#### Record set
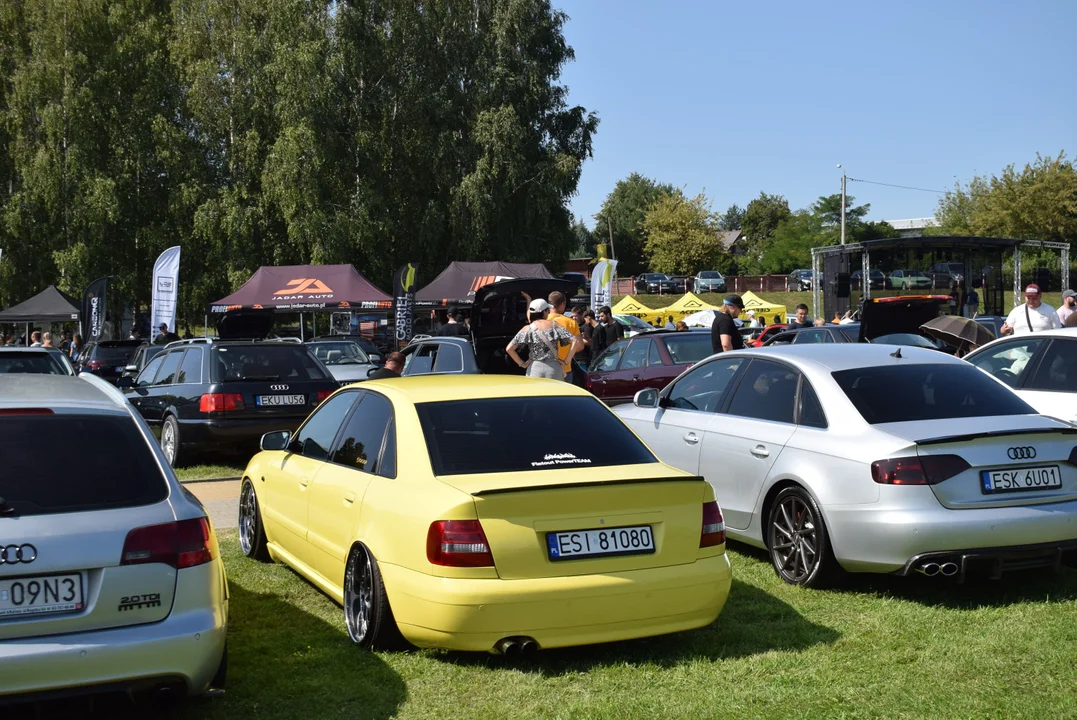 Ogólnopolski Zlot Audi w Strykowie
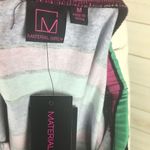 Material Girl  Colorful Striped Bodycon Skirt Photo 1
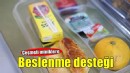 Çeşme'de ilköğretim öğrencilerine beslenme desteği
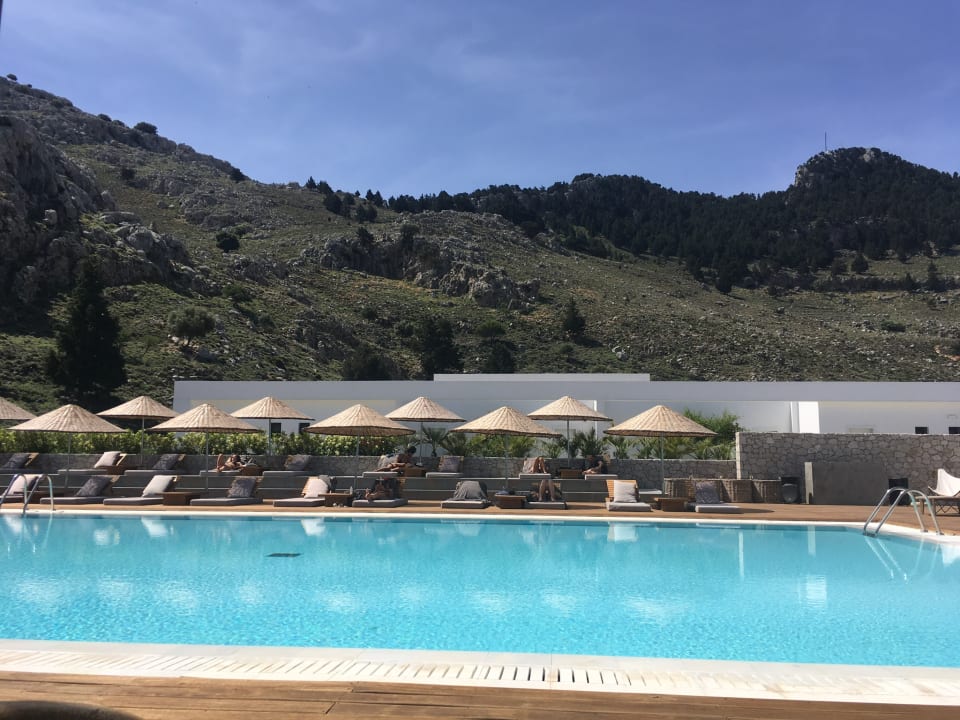 Pool Casa Cook Rhodes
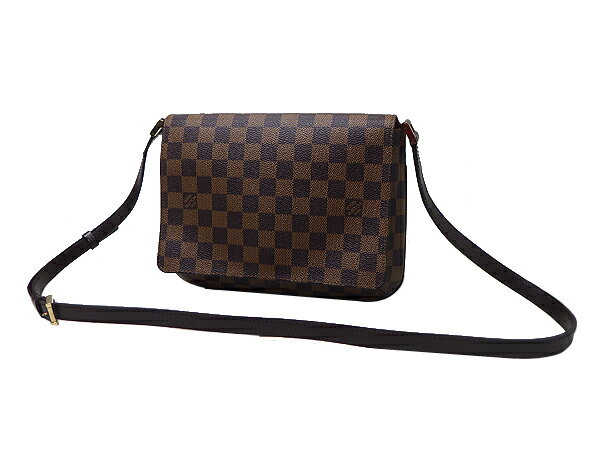 LOUIS VUITTON ルイ・ヴィトンミュゼット・タンゴ N51301ショルダーバッグ ダミエライン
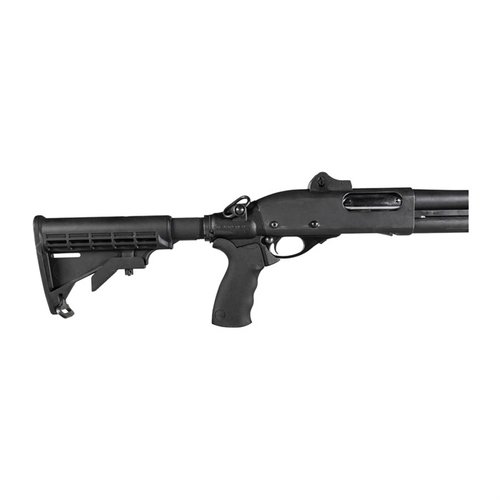 Il kit telescopico LEO Gen II per Remington 870 offre adattabilità AR-15, comfort migliorato e gestione del rinculo, senza necessità di armi da fuoco.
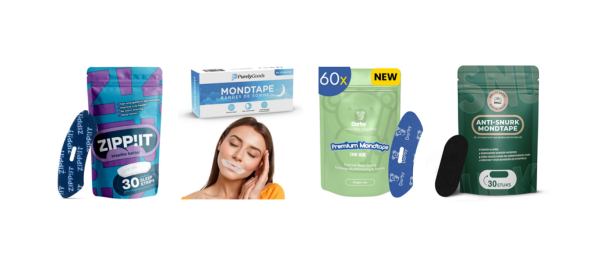 Beste mondtapes voor vakantie? Word overal uitgerust wakker🛌💤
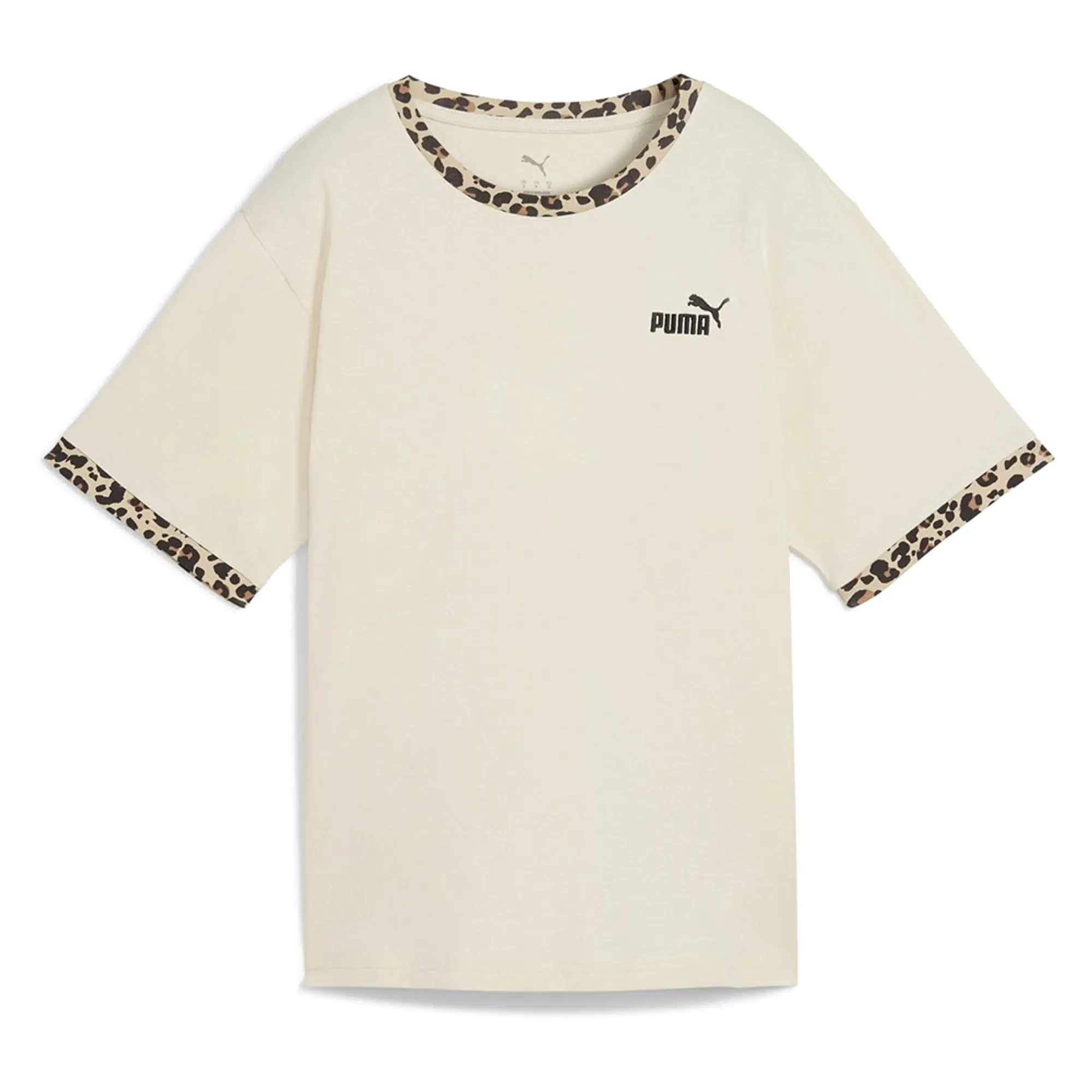 Puma Ess Graphic Animal Relaxed Fit Short Sleeve T-shirt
########
Work request =>
Skip the pictures and print exactly the lines from the one containing "Pool Casa Cook Rhodes" through the end of the records above.

Worked solution =>
 Pool Casa Cook Rhodes
 LOUIS VUITTON ルイ・ヴィトンミュゼット・タンゴ N51301ショルダーバッグ ダミエライン
 Il kit telescopico LEO Gen II per Remington 870 offre adattabilità AR-15, comfort migliorato e gestione del rinculo, senza necessità di armi da fuoco.
 Beste mondtapes voor vakantie? Word overal uitgerust wakker🛌💤
 Puma Ess Graphic Animal Relaxed Fit Short Sleeve T-shirt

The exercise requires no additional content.